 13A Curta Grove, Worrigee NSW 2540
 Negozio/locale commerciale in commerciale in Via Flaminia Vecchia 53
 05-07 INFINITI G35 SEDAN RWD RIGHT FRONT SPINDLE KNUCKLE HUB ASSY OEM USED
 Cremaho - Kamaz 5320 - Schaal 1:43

---

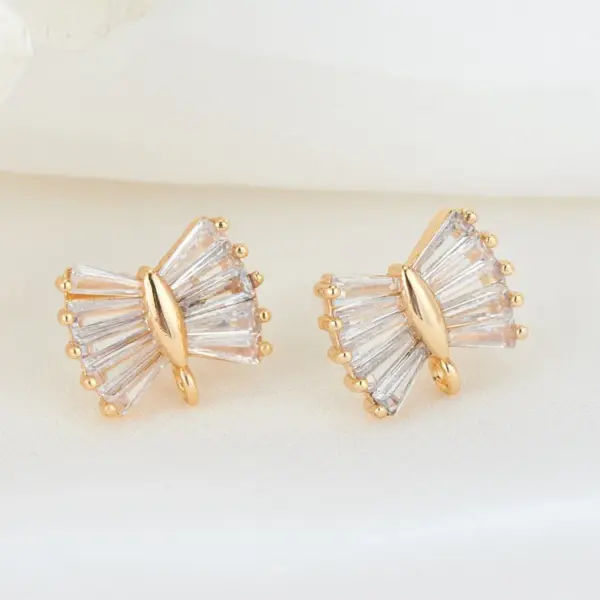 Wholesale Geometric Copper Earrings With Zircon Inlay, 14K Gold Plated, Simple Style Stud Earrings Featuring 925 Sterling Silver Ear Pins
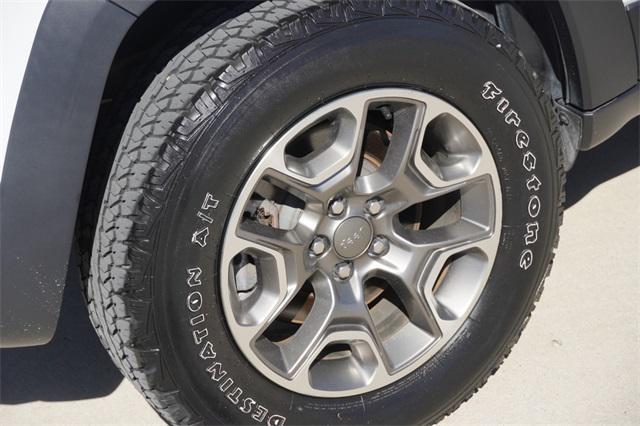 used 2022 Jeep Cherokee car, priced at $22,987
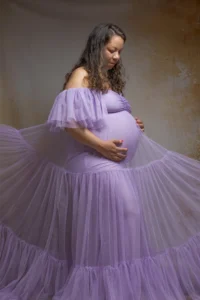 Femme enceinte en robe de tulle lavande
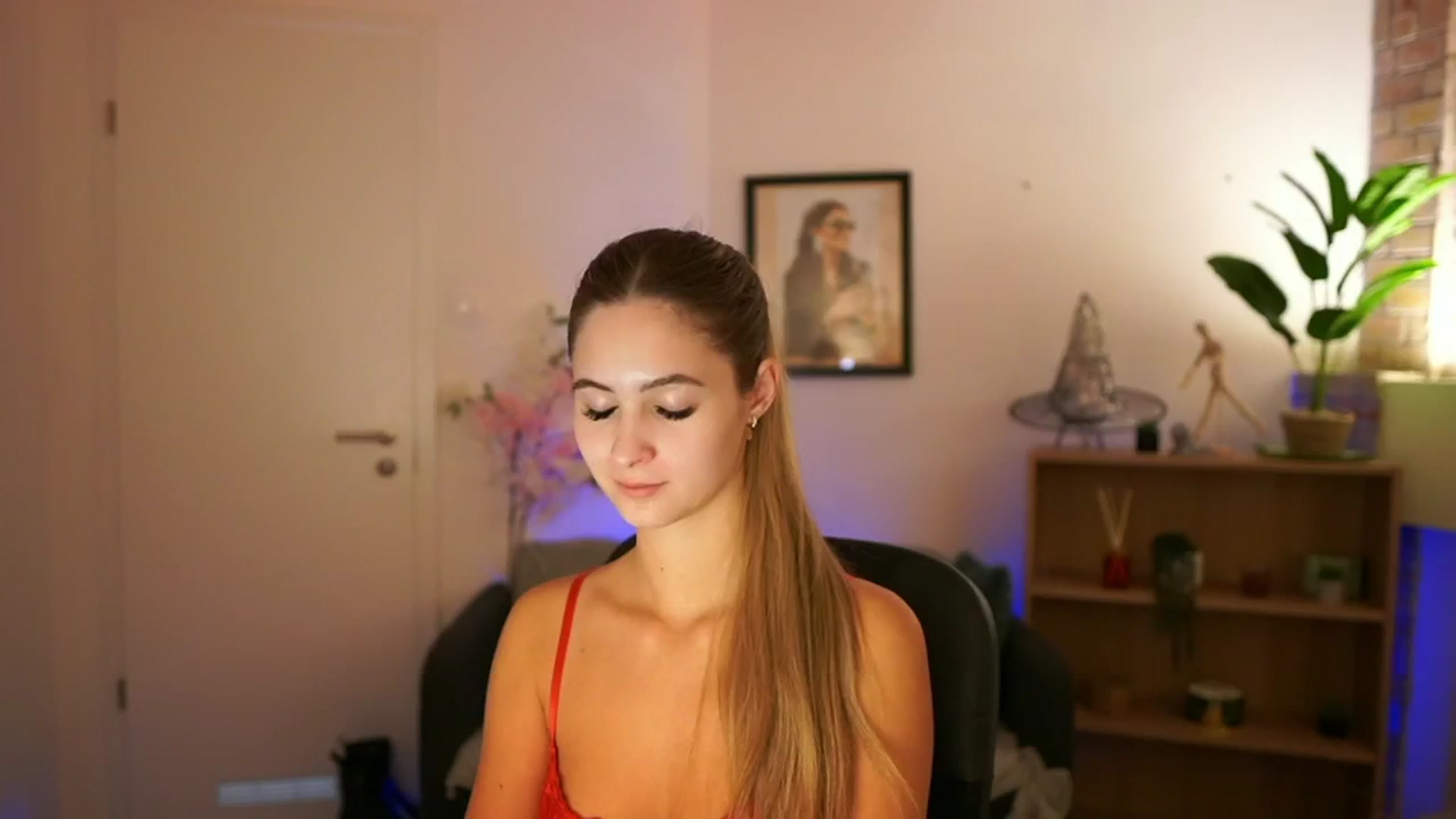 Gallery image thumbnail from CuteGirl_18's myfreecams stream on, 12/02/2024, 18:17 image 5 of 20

- TASK: Look through the listing above for the line with "used 2022 Jeep" and the line with "Gallery image thumbnail". Write out exactly those lines and everything between, leaving out pictures.

- ANSWER AREA:
 used 2022 Jeep Cherokee car, priced at $22,987
 Femme enceinte en robe de tulle lavande
 Gallery image thumbnail from CuteGirl_18's myfreecams stream on, 12/02/2024, 18:17 image 5 of 20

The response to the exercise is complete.